Mesajı Okuyun
Old 05-10-2006, 19:59   #5
Merhaba

 
Varsayılan

Merhaba,

Konuyu başlatan sayın hukuçunun yazısındaki temel gerekçeler doğrultusunda konuyu tartışmaya açmak istemesine karşın, bir diğer katılımcının yanıtını okuyunca, aynı dili konuşan ve yazan insanlar olarak iletişimden ne denli kopuk olduğumuzu, olaylara ve kavramsal olgulara, adına “değerlerimiz” dediğimiz ve aslında genel geçerliliği olmayan kaygan zeminleri referans alarak ürettiğimiz kör gözlükleriyle bakmaya ne denli koşullandığımızı görmek şaşırtıcı değil elbette.
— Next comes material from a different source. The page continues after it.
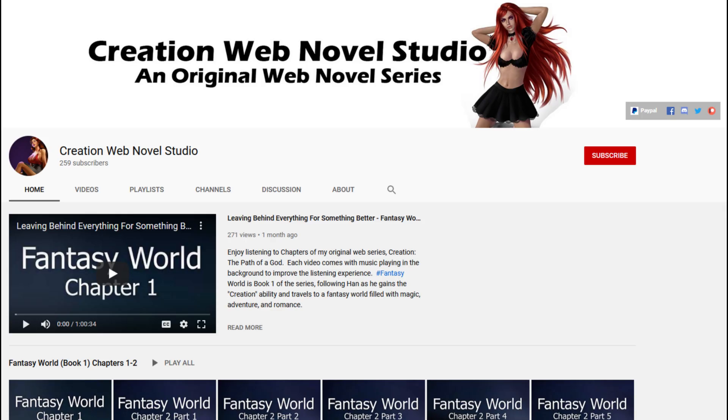If you found this video to be helpful, please click the like button and leave a comment whether this worked for you. If you're interested in my web novel series, just go to my channel and click one of the playlists and enjoy my story.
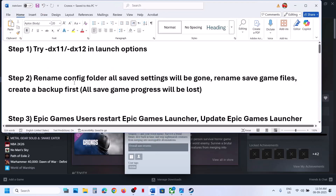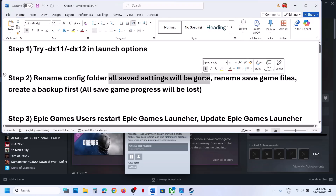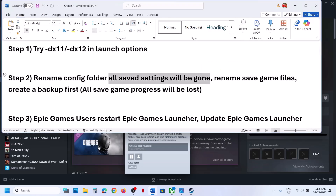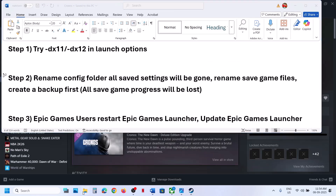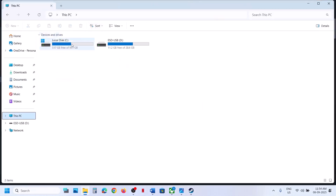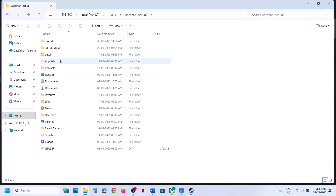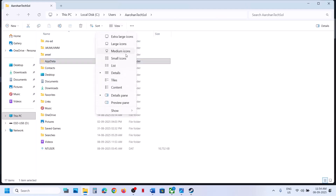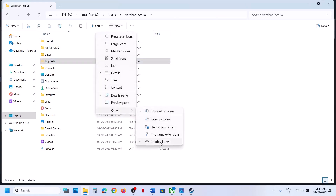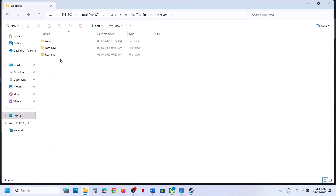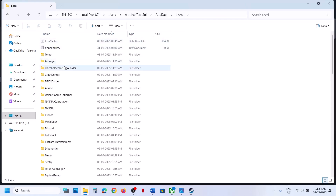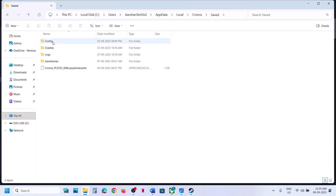The next step is to rename the config folder. Note that when you rename the config folder, all the saved settings will be lost. Open File Explorer, go to This PC, open the C drive, open the Users folder, open your username folder, then open AppData. If you don't see AppData, click on View, select Show, and put a check on Hidden Items. Open the AppData folder, open the Local folder, and find the Chronos folder. Open it and find the Saved folder.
Konu içeriğinde bir haktan, “anne olma” hakkından ve bir kadının yaşamının belli bir evresinden sonra, bu biyolojik yeteneğini doğanın bir kanunu olarak yitireceği noktasından hareketle, kadın ve erkeğin ortak irade ve istemiyle “evlilik dışı çocuk sahibi olma” hakları ile ilgili olarak, hiç kuşkusuz olgunun hukuki boyutunu da içeren “çok yönlü” bir tartışma açılmak isteniyor. Tartışmanın çok yönlülüğü, doğal olarak ahlaki, sosyal, psikolojik…vb. boyutları da içeriyor.

Konuya yanıt yazan bir sayın katılımcı konuyu bu kapsamda değerlendirmek yerine, onu, başlangıç yazıda hiç te böyle bir gerekçe ileri sürülmediği halde, olayı sapkın bir “özgürlük anlayışı” na, ve bu özgürlük anlayışının toplum değerleriyle çatıştığına ve kabul edilemeyeceğine taşıyor. Sanki o yazıda, evlilik içinde çocuk sahibi olmak horlanmış ve evlilik dışı çocuk sahibi olmak teşvik edilmiş gibi. Daha da ileri giderek “bir aydın edasıyla, kendi değerlerine saldırıldığını” iddia ediyor.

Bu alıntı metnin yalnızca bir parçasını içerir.